Using the listing below, please print exactly the lines from the one with "Casa moderna de" through the one with "A ZISHA EWER". Leave out every picture.

# [Information shown]
◆ ◆ ◆

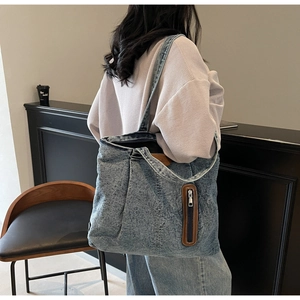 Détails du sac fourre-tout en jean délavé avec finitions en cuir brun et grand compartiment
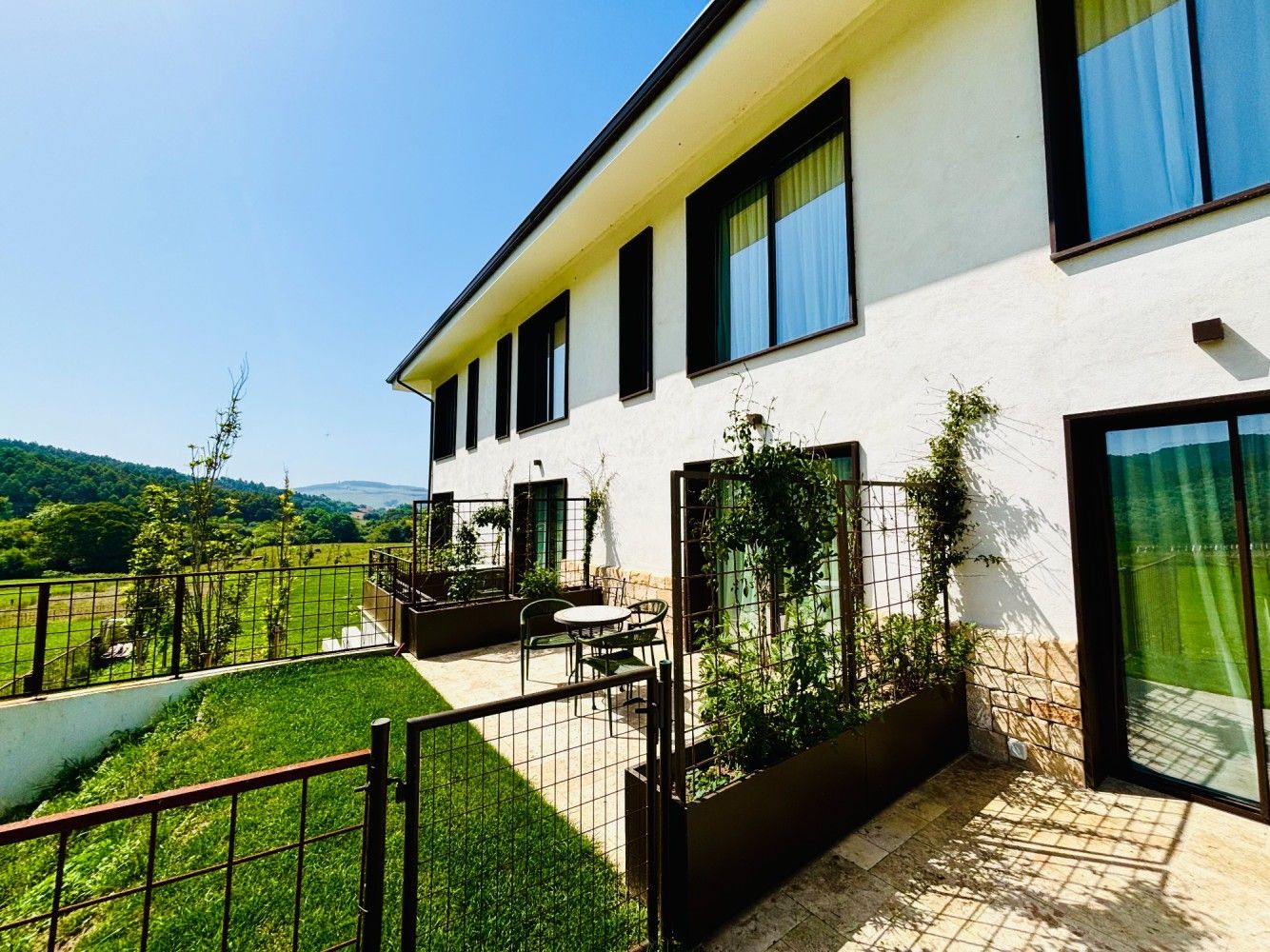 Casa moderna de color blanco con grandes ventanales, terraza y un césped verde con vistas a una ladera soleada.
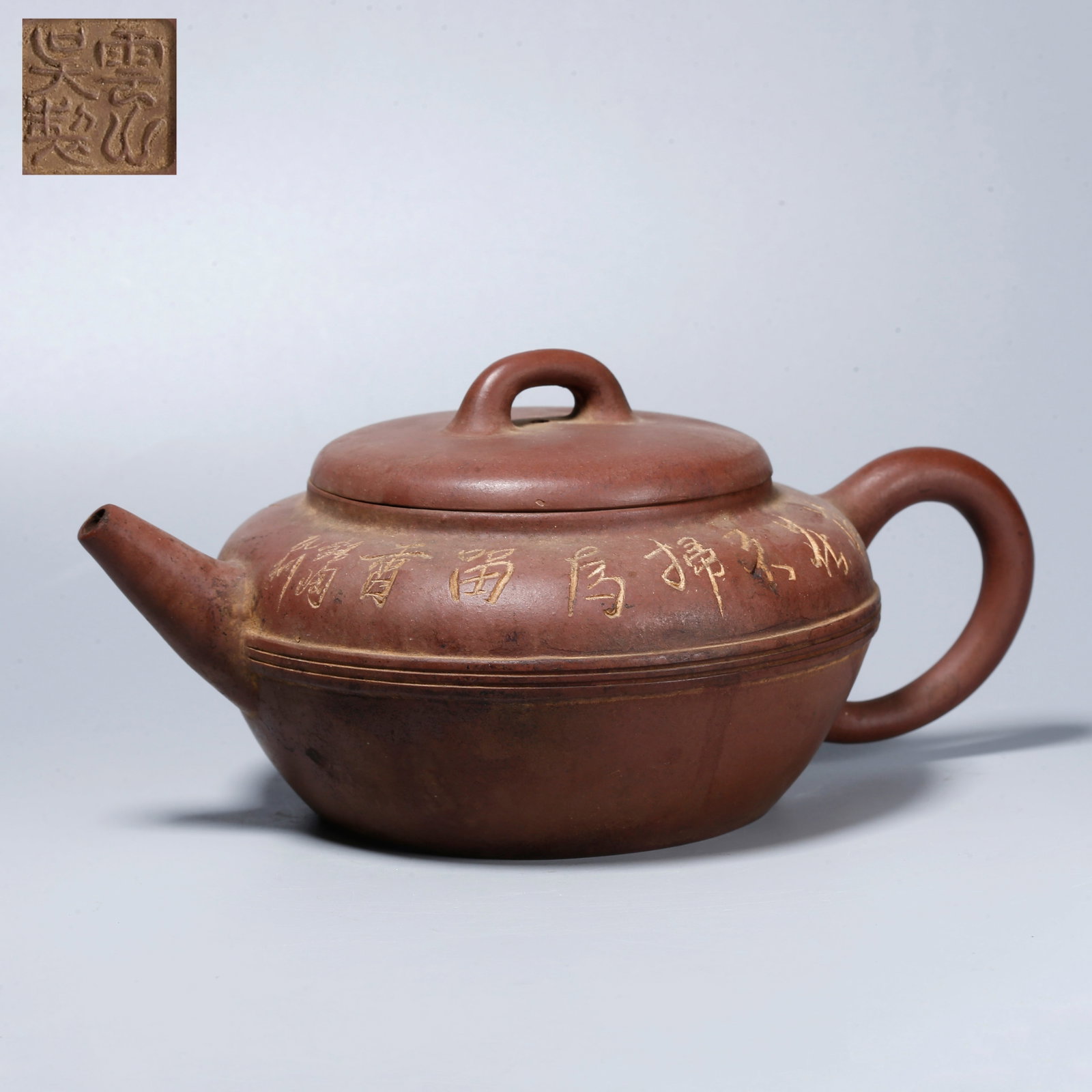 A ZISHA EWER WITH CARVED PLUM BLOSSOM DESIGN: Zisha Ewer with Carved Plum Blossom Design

◆ ◆ ◆

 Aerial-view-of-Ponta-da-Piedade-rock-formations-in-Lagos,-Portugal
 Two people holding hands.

◆ ◆ ◆

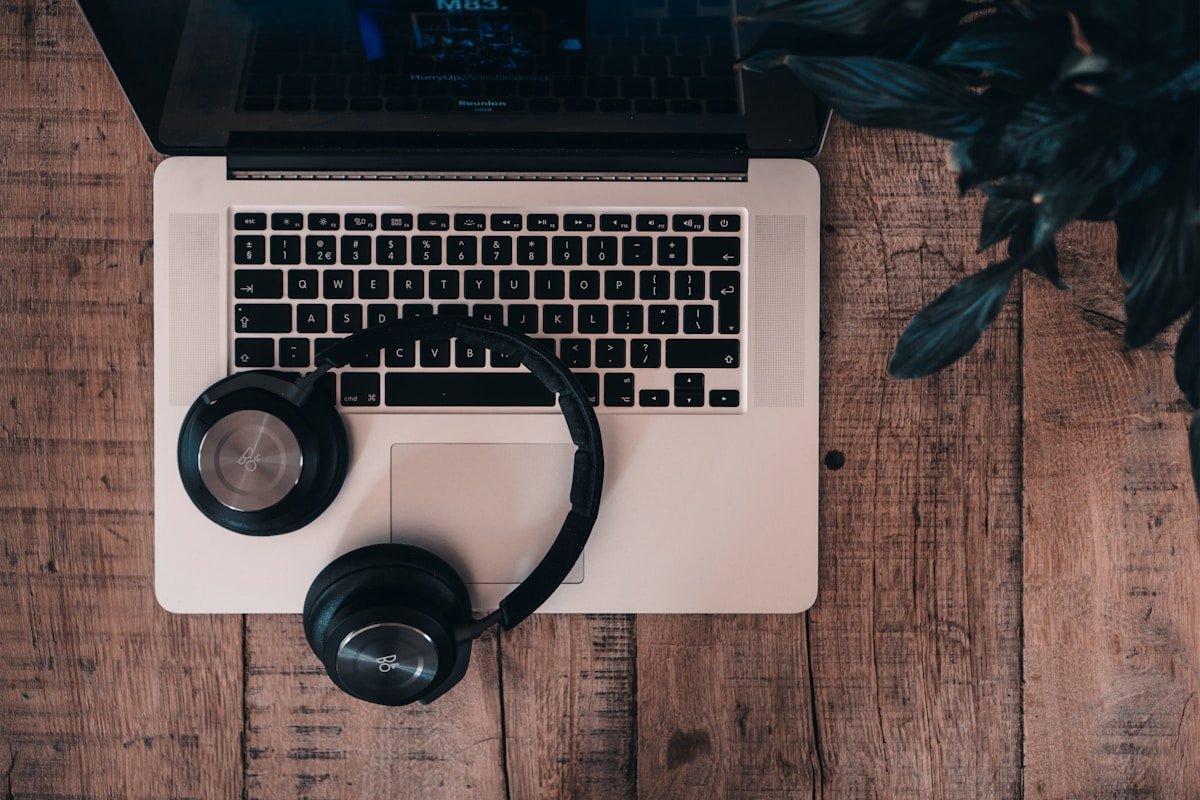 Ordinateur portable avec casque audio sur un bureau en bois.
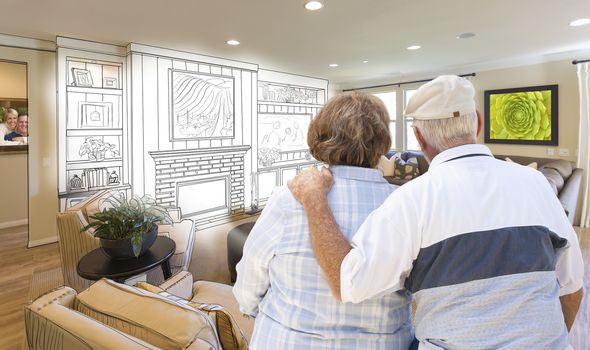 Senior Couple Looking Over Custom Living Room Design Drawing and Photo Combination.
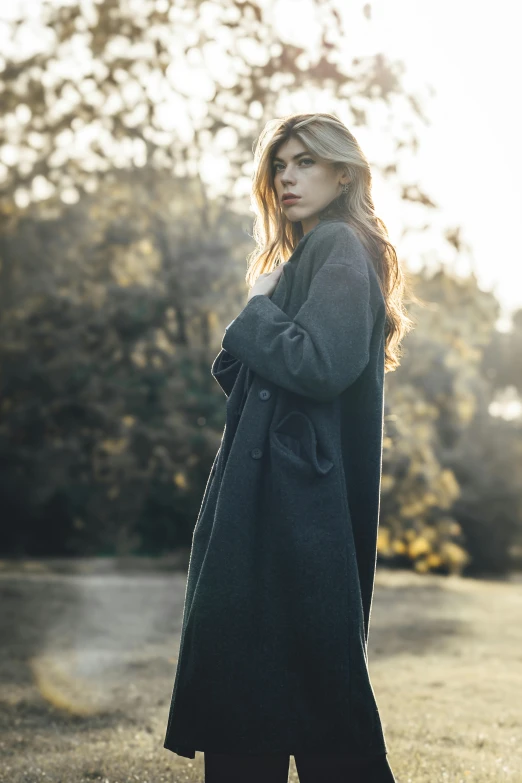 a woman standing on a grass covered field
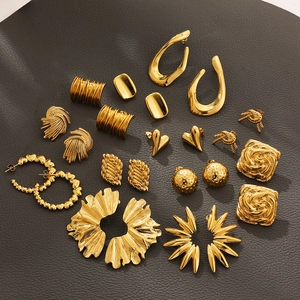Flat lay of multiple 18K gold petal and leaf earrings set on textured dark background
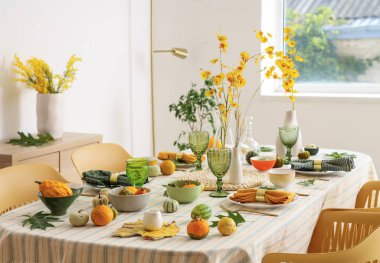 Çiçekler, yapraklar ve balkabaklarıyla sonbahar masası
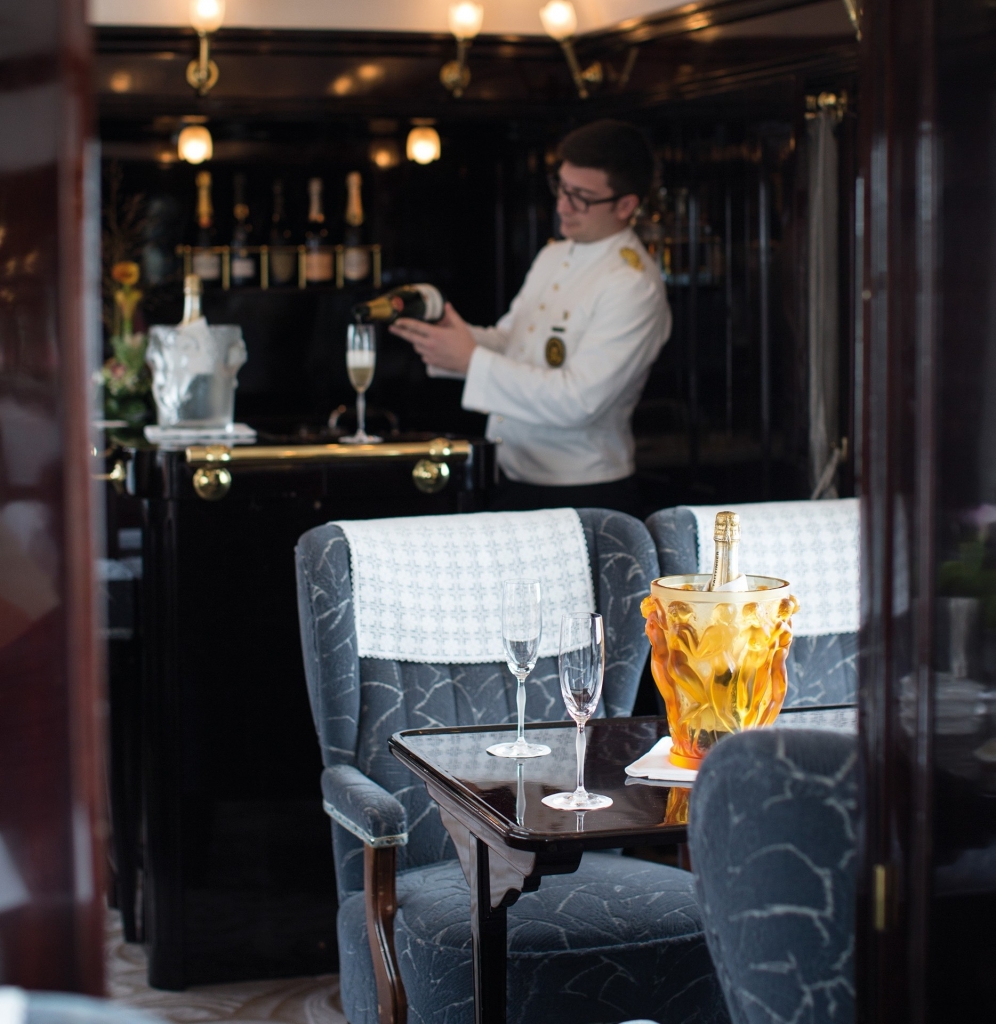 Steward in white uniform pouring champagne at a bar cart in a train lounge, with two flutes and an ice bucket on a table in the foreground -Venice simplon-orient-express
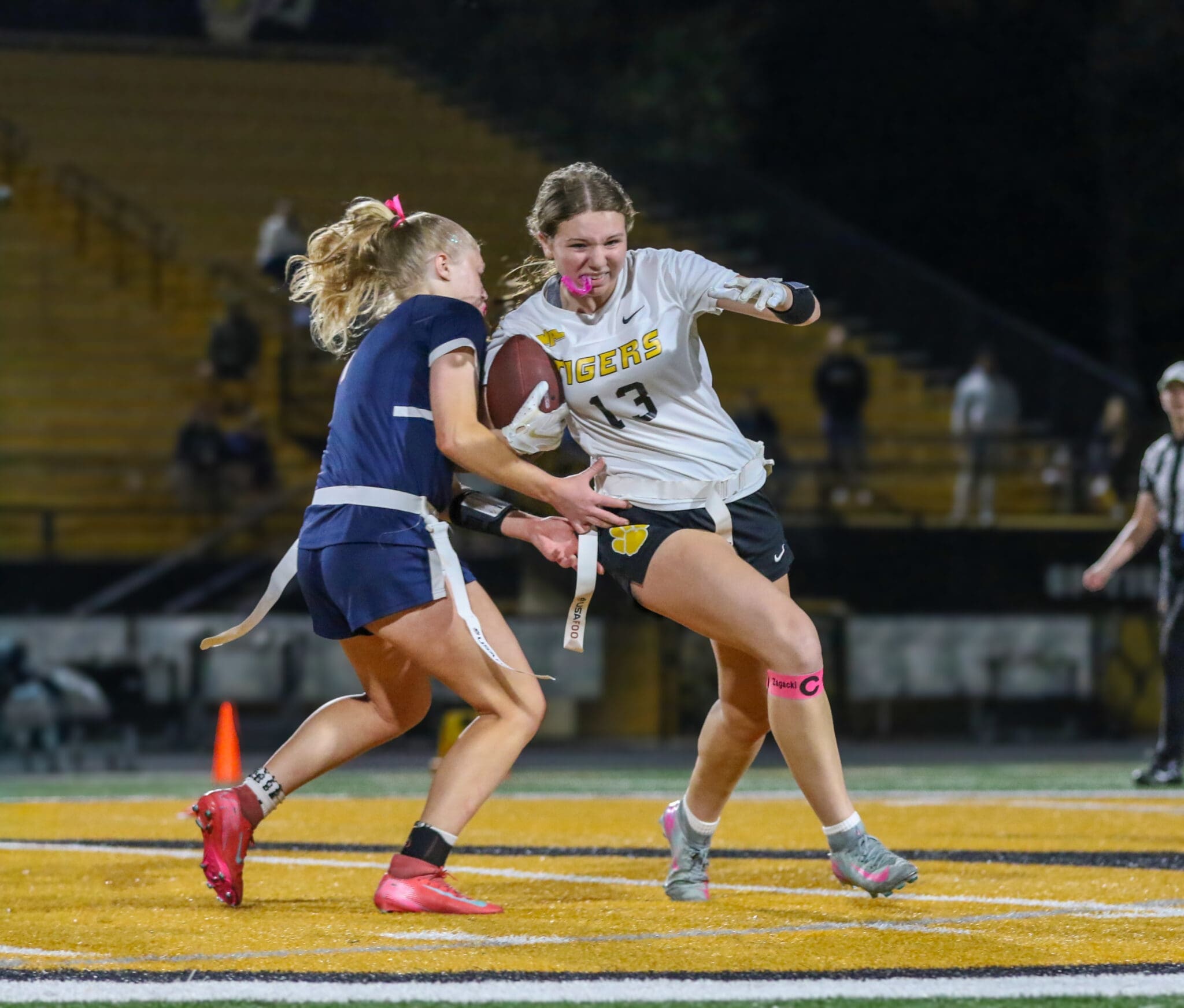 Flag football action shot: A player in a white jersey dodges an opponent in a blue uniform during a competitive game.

◆ ◆ ◆

# [Response to this task]
 Casa moderna de color blanco con grandes ventanales, terraza y un césped verde con vistas a una ladera soleada.
 A ZISHA EWER WITH CARVED PLUM BLOSSOM DESIGN: Zisha Ewer with Carved Plum Blossom Design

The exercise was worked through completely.